Even this is sort of pointless.

It’s not pointless in that you won’t get to see my thoughts displayed and how they might change with subsequent viewings and by eventually seeing the big picture. But True Detective in season two is a show where I miss so much, I don’t really piece it together until later. Watching episode four, “Down Will Come”, I missed so many details upon watching at midnight and only caught them in later viewing and reading. I found that many people miss out on a lot of details, mostly because the episodes try to pack 45 minutes of talking and then shock your attention with an exciting ending. Episode two ended with Ray Velcoro shot and left presumably for dead. Episode three had a burning car and attempted chase of a masked person. Episode four is a raid on a drug house falling into the street.

For most (including myself), there was an expectation of an exciting finale to episode four. The reason most kept their attention in S1 on the mumblings of Rust and Cohle was the one shot spectacle in season one’s “Who Goes There”, so it was expected for a big moment in season two to happen around the same time. It did, but writer Nic Pizzolatto is purposely subverting the expectations of his audience. In season one, Cohle fell into bad habits but proved to be exceptional, even high on drugs and surrounded by murderers. He was still smarter than anyone else. In season two, nobody was supposed to come out of this looking like a great cop, let alone a great detective. It was a setup.
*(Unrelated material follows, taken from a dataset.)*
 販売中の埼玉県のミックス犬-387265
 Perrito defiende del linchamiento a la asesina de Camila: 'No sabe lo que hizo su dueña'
It was a trap. They didn’t just fuck up. They got fucked.

The first season of True Detective immediately introduced time jumps in order to let you know that things were not going to be solved in the 90s. Things would be solved present day, when all of the details have been uncovered and the duo of Rust/Cohle have a clear path to solving the mystery. The second season has yet to introduce a time jump, but after innocent people, police officers and gangsters were shot down in the middle of the street with a news crew filming, it doesn’t feel like they are going to get a chance in present day to solve the case. The case is being solved for them, temporarily. If episode three was about taking inspiration from David Lynch’s Mulholland Drive, episode four is taking inspiration from Curtis Hanson’s L.A. Confidential (loosely inspired by a James Ellroy novel, undoubtedly an inspiration of Pizzolatto), right down to the combination of corrupt police officials, a prostitute conspiracy and a case being cleaned up by pinning it on minorities. This isn’t by accident. This is Los Angeles.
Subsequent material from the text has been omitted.